PROBOLINGGO,- Nasib petani tembakau di Kabupaten Probolinggo kian terancam menyusul diterbitkannya Peraturan Pemerintah (PP) Nomor 28 Tahun 2024.
Regulasi baru ini dinilai merugikan petani dan pelaku usaha kecil-menengah di sektor tembakau, yang selama ini menjadi tulang punggung ekonomi lokal.
PP 28/2024 membawa sejumlah aturan ketat yang berbeda signifikan dari PP 109/2012. Di antaranya, kenaikan batas usia minimum pembeli produk tembakau dari semula 18 tahun menjadi 21 tahun, serta pengetatan aturan mengenai jarak dan lokasi penjualan produk tembakau.

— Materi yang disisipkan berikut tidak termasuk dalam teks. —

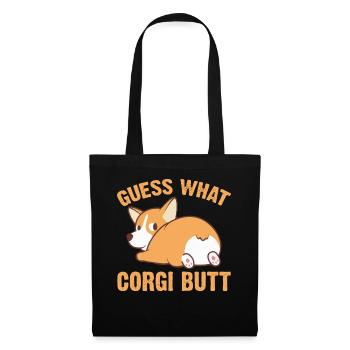 Guess What Corgi Butt Funny Corgi Dog T Shirt - Tote Bag - black - Front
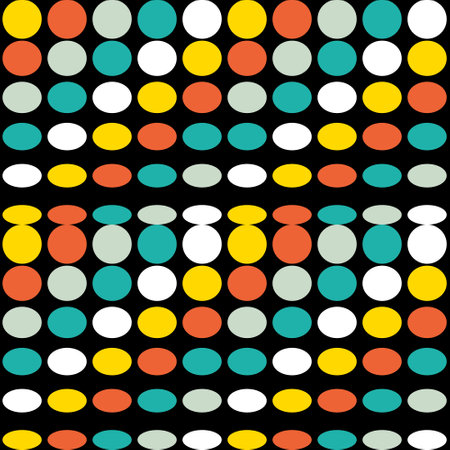 Abstract round shapes seamless pattern. Primitive background print for tee, paper, textile and...
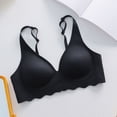 thumbnail image 3 of SPZTSX Womens Wireless Push Up T Shirt Bra Seamless Deep V Neck Scalloped Hem Comfortable Breathable Everyday Bra, 3 of 5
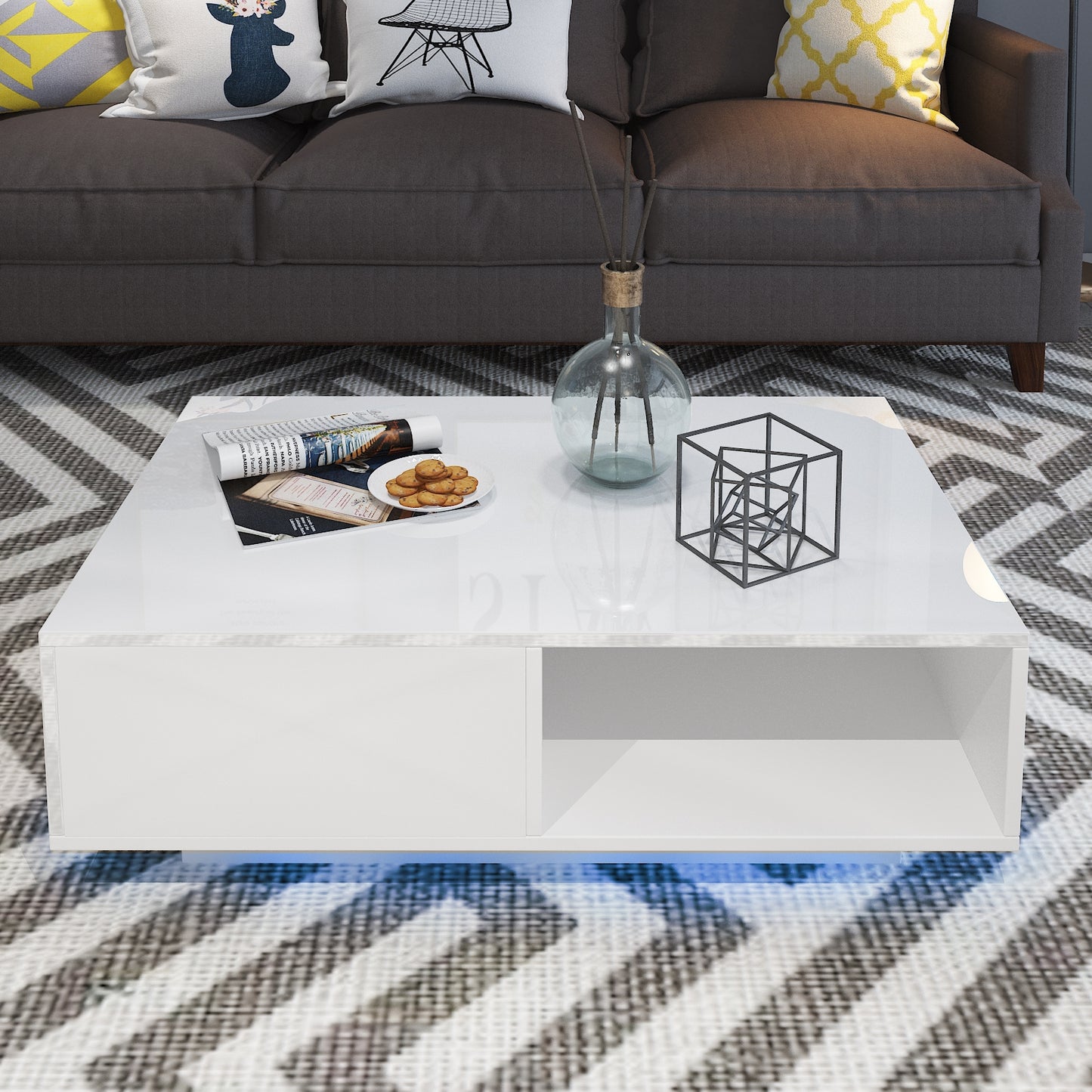 Modern RGB LED Light Coffee Tea Table with Storage Drawer & Shelf High Gloss Living Room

Wakil Ketua Garda Bangsa Kabupaten Probolinggo, Muhammad Rifai, menilai kebijakan tersebut berpotensi mengancam keberlangsungan hidup jutaan petani, termasuk di wilayah Probolinggo yang dikenal sebagai salah satu sentra penghasil tembakau terbesar kedua di Jawa Timur.
“Ini bukan sekadar regulasi administratif. Ini soal keberlangsungan hidup petani dan UMKM. Di musim panen seperti sekarang, tembakau menjadi satu-satunya sumber penghasilan bagi banyak keluarga,” tegas Rifai dalam keterangannya, Jumat (20/6/2025).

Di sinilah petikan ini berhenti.